In this study, we included 82 patients with cervical spinal cord injury (SCI). We discovered that the predictive capability of the feature fusion model was enhanced compared to using radiomics or CNNs individually. Ultimately, we found that the Rad + ResNet-50 model had the highest prognostic predictive value for cervical SCI, with AUCs of 0.940 and 0.922 in the training and test cohorts, respectively.
Contributions of This Study and Comparison with Previous Studies
Functional prognosis after cervical spinal cord injury (SCI), particularly regarding regaining functional independence, is a primary focus in rehabilitation. Predicting SCI recovery can be challenging, but the ASIA grade is a key benchmark for assessing clinical recovery and long-term prognosis [22]. In our study, 82 cervical SCI patients were divided into two groups based on whether their ASIA index improved after one year. Table 1 shows preoperative and postoperative ASIA grades with p < 0.05, indicating clinical significance. Yann Facchinello et al. also highlight that the severity of the neurological deficit at admission, indicated by the ASIA grade, is a critical predictor of recovery [23].
In addition to the ASIA score, MRI images are crucial for prognosis, with metrics shown to be reproducible and predictive of clinical outcomes[24].Hyun-Joon Yoo et al. used machine learning algorithms to create a prediction model for SCI patients based solely on clinical variables, achieving promising results [25]. However, their approach did not include the prognostic value of imaging, particularly MRI.
The BASIC (Brain and Spinal Injury Center) score, developed to predict neurological improvement based on high signal intensity on axial T2-weighted MRI, has proven effective [25] [10]. However, this score focused on a limited set of manually measured MRI features, such as injury length and spinal canal compromise, overlooking many other potential features.
Our study leverages deep learning radiomics to extract and model MRI features.

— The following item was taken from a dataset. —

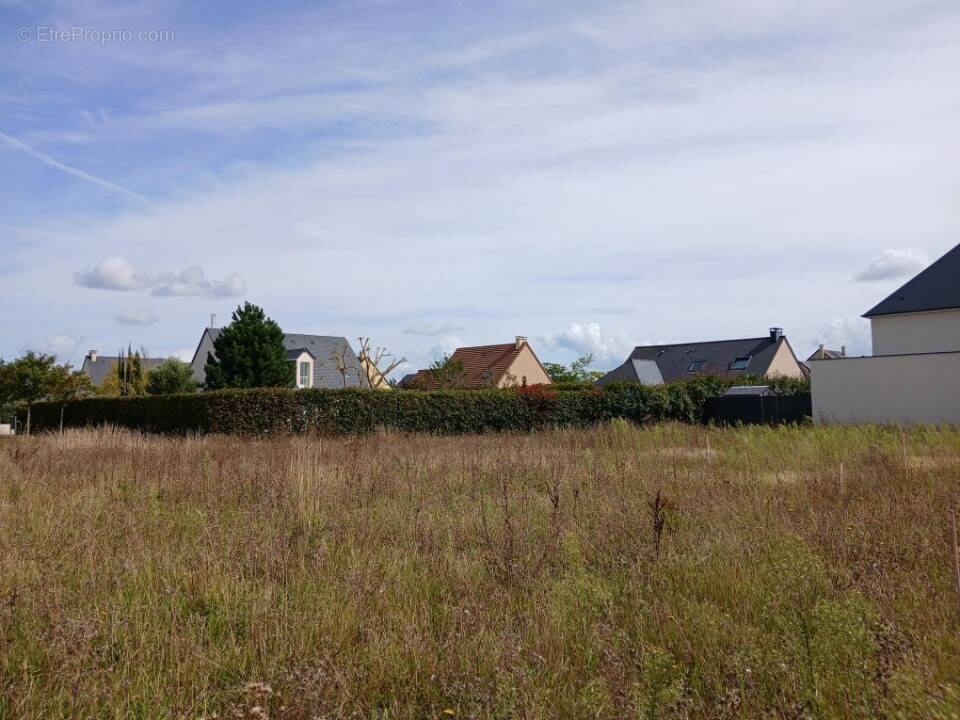Terrain à CAGNY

This approach reduces the risk of missing significant features, as evidenced by the combined model (Rad + ResNet50 AUC: 0.9220), which demonstrates improved performance.
We noted that in another study using deep learning, Okimatsu and colleagues developed a CNN model to quantify radiographic characteristics and predict 1-month neurological outcomes in acute SCI patients, achieving 71% accuracy[26]. We extended the follow-up period (1-year) and also improved the model's accuracy to 92.2%. Integrating handcrafted radiomics (HCR) and deep transfer learning (DTL) features for cervical SCI prognosis is novel, and our approach uses standard image data without special training, highlighting its potential.
Training deep learning models on small datasets has limitations, though deep transfer learning can help. André Wirries suggested that using small datasets to train deep learning models for clinical applications is practical[27]. We enhanced model performance through random shifts, rotations, and horizontal flips during training to increase data diversity[28]. Expanding the dataset and controlling feature numbers further improved results. We implemented rigorous feature selection processes in our experiments[29, 30].
ResNet’s structure uses shortcut connections, enabling effective fusion training[31]. To evaluate different models, we tested ResNet-18, ResNet-50, and ResNet-101. Both deep learning and combined models showed that ResNet-50 performed best. Despite having fewer layers and higher Top-1 and Top-5 error rates than ResNet-101[31], ResNet-50’s moderate depth proved advantageous in this research. This indicates that while deeper networks may offer superior learning capabilities, selecting an appropriate network depth for specific research can lead to better model fitting and other benefits, such as reduced computational resources and time. Additionally, ResNet-18 underperformed compared to ResNet-50, suggesting lower-dimensional ResNet networks may lack sufficient fitting capacity.
Deep Learning Model Interpretability
Although deep learning shows promise in disease diagnosis and prognosis, the interpretability of these models can hinder their broader application[32, 33]. Some studies use post-hoc methods or supervised machine learning models to interpret deep learning algorithm outputs[34]. For example, Yixin Wang visualized SVM features using a SHAP-based method[34]. In our study, we generated Grad-CAM images to enhance model interpretability, similar to how Kim, Y. and colleagues used heatmaps to identify regions crucial for prognosis prediction[35].
limitations
There are some limitations to this study that further studied and explored in future work. First, the sample size of cervical SCI was small. Although our findings reflect the predictive ability of deep learning features to a certain extent, more data would be more convincing. Second, this was a restrospective study, more prospective data are needed to verify the effectiveness of the model.